= Task requirements =
From the line that includes "8.2 acres in Cooke County - photo 4" down to the final line of the data below, copy every line exactly and leave the rest out.

= Recorded data =
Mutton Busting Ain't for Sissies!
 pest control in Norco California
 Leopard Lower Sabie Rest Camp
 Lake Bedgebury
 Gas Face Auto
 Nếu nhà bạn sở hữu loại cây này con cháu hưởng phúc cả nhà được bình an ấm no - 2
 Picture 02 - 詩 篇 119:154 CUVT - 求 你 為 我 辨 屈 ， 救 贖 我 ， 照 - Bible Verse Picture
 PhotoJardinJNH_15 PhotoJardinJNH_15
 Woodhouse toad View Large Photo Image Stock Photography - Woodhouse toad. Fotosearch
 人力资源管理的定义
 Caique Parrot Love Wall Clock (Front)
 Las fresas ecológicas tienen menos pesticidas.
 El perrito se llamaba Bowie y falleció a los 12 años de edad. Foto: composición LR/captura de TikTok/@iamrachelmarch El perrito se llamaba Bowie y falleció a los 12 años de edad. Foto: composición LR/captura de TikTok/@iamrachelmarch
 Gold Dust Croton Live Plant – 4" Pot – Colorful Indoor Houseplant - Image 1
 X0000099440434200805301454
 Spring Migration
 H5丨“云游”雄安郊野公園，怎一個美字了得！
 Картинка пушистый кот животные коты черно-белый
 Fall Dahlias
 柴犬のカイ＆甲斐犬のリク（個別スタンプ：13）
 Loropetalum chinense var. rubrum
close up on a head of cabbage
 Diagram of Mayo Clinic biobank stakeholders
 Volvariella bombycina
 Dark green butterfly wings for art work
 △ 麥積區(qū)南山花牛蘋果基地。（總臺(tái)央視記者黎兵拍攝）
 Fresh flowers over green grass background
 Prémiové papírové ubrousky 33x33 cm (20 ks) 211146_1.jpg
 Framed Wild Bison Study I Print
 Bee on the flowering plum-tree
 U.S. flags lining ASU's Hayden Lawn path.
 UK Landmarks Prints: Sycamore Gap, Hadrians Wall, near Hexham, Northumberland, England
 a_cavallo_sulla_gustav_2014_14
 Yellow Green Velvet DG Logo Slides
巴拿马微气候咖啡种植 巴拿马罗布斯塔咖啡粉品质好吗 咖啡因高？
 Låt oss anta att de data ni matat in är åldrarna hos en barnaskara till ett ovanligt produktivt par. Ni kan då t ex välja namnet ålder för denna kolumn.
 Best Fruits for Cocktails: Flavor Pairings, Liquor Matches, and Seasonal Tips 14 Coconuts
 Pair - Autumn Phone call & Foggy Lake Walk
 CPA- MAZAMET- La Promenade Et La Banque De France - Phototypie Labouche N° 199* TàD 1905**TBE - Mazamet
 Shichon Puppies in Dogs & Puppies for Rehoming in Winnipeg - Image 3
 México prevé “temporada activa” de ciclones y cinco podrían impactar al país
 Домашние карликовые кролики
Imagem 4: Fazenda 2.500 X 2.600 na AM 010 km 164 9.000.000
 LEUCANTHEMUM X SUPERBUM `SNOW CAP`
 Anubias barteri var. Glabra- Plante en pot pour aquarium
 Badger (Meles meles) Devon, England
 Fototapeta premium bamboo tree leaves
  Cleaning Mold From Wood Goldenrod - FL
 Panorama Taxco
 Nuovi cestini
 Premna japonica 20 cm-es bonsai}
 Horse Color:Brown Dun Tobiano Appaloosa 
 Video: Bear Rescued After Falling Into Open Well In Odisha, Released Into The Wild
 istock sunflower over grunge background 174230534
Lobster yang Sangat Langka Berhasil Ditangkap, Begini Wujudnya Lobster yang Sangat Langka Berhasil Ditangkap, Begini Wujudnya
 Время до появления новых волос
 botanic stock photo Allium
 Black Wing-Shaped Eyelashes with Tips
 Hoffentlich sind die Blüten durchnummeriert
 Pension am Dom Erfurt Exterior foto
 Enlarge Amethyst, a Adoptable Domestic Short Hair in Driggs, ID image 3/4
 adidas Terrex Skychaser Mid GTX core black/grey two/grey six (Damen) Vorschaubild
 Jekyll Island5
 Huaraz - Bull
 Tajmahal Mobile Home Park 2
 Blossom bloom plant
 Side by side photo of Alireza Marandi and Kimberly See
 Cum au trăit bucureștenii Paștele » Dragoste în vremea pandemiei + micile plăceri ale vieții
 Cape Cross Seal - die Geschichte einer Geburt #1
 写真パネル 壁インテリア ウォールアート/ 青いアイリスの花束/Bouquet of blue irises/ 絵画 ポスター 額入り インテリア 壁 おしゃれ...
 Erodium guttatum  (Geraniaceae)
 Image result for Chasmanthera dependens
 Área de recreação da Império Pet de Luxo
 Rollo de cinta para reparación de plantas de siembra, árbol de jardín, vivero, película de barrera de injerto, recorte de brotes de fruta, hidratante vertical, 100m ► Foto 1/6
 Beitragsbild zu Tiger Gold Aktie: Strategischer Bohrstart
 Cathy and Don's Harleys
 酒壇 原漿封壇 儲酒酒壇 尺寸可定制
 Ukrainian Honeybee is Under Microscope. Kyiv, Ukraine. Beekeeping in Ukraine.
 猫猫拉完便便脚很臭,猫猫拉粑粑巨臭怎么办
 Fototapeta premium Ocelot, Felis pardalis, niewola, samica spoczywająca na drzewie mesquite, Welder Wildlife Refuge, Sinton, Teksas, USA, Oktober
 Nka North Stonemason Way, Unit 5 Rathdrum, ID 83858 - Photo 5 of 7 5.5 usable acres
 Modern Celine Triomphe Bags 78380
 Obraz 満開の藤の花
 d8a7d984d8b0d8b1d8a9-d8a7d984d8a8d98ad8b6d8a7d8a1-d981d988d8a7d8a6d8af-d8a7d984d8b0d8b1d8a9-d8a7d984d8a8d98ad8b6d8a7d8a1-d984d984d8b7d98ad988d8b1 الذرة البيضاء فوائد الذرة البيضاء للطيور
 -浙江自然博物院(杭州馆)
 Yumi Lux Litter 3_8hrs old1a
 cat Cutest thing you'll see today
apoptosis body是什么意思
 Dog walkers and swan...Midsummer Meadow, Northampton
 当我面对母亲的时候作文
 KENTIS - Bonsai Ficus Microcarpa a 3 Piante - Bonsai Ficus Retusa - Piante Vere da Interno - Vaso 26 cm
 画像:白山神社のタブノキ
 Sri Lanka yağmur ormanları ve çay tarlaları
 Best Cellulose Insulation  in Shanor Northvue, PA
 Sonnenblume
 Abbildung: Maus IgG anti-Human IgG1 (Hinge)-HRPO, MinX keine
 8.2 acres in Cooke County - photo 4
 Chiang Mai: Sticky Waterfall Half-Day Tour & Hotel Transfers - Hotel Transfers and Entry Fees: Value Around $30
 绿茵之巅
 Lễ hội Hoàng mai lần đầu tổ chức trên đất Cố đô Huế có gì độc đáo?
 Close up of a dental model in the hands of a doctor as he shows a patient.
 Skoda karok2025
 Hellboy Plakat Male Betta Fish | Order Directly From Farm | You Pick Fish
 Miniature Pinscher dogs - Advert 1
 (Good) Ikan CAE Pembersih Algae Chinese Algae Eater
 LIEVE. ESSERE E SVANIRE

= Exercise output =
 8.2 acres in Cooke County - photo 4
 Chiang Mai: Sticky Waterfall Half-Day Tour & Hotel Transfers - Hotel Transfers and Entry Fees: Value Around $30
 绿茵之巅
 Lễ hội Hoàng mai lần đầu tổ chức trên đất Cố đô Huế có gì độc đáo?
 Close up of a dental model in the hands of a doctor as he shows a patient.
 Skoda karok2025
 Hellboy Plakat Male Betta Fish | Order Directly From Farm | You Pick Fish
 Miniature Pinscher dogs - Advert 1
 (Good) Ikan CAE Pembersih Algae Chinese Algae Eater
 LIEVE. ESSERE E SVANIRE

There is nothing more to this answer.